Threat actors suspected of ties with Russia are being observed using Google account features called application-specific passwords (or app passwords) as part of a new social engineering tactic designed to access victim emails.
Details about the highly targeted campaign have been disclosed by Google Threat Intelligence Group (GTIG) and Citizen Lab, saying that the activity is attempting to impersonate the US Department of State.
“From at least April to early June 2025, the actor targeted prominent Russian scholars and critics, often using extensive trust buildings and tailor drulers to persuade the target to set application-specific passwords (ASPs).
“When a target shares an ASP passcode, the attacker establishes permanent access to the victim’s mailbox.”
This activity is attributed to a threat cluster tracked by Google as UNC6293 and may be related to a Russian state sponsored hacking group called APT29 (aka Bluebravo, Cloaked Ursa, Cozylarch, Cozy Bear, Icecap, Midnight Blizzard, Dukes).
Social engineering will unfold over several weeks to establish relationships with your target.
This will lend you a benign phishing email filled with invitations that contain four or more different fictitious addresses, including the CC Line “@state.gov” email address, and a reliable veneer.
“The goal is, if this is not legal, one of these State Department employees will say something, especially if I respond to and hold it back to the CC Line,” the Civic Research Institute said.

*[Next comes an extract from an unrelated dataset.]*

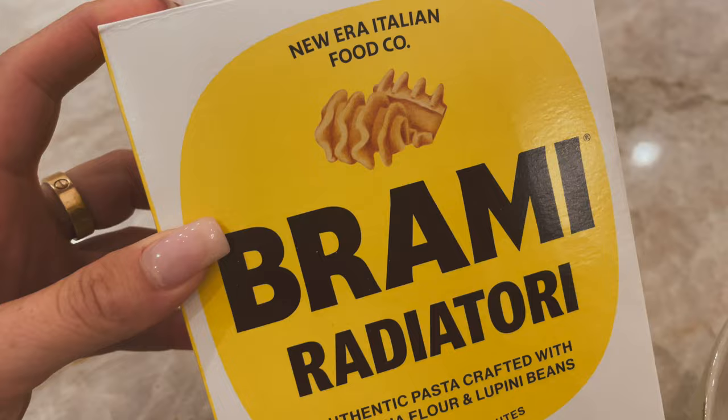I wasn't too hungry later, so I made a little bowl and also a pasta with semolina flour and lupini beans, with some tofu and salad. It was really good.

“The attackers believe that the State Department’s email server is clearly configured to accept all messages and that they do not release a ‘bounce’ response even if the address does not exist. ”
This shows that these attacks are meticulously planned and run to trick victims into splitting a 16-digit passcode, giving permission to access the mailbox under the pretext of allowing “secured communication between internal employees and external partners.”
Google describes passwords for these apps as methods for less secure apps or devices, and describes the ability to access Google accounts of users with two-factor authentication (2FA) enabled.
“Using two-stage verification can block some less secure apps and devices from accessing your Google account,” the company said. “App passwords are a way to enable blocked apps or devices to access your Google account.”
The first message is designed to elicit responses from the target to set up a meeting, then sends a PDF document listing a series of steps to create an app password to securely access and share your code into a fake department cloud environment.
“The attacker then sets up an email client to use an ASP and uses the ASP with the ultimate goal of accessing and reading the victim’s email communications,” GTIG said. “This method allows the attacker to have permanent access to the account.”
Google observed a second campaign that included a Ukrainian theme, saying that the attackers were logged in to victim accounts that avoid detection, primarily using housing proxy and VPS servers. The company said it has taken steps to secure accounts that have been breached by the campaign.
The UNC6293 relationship with APT29 comes from a series of similar social engineering attacks that gained unauthorized access to Microsoft 365 accounts since the beginning of the year, leveraging new techniques such as device code phishing and devices.
Participation in the device is particularly noteworthy for the fact that it tricks the victim into sending Microsoft-generated OAuth code back to the attacker and hijacks the account.
“Since April 2025, Microsoft has observed suspected threat actors related to Russia using third-party application messages or emails referring to invitations for upcoming meetings to provide malicious links with valid authorization codes,” Microsoft revealed last month.
“When you click, the link returns a token for the Device Registration Service, allowing the threat actor’s device to be registered with the tenant.”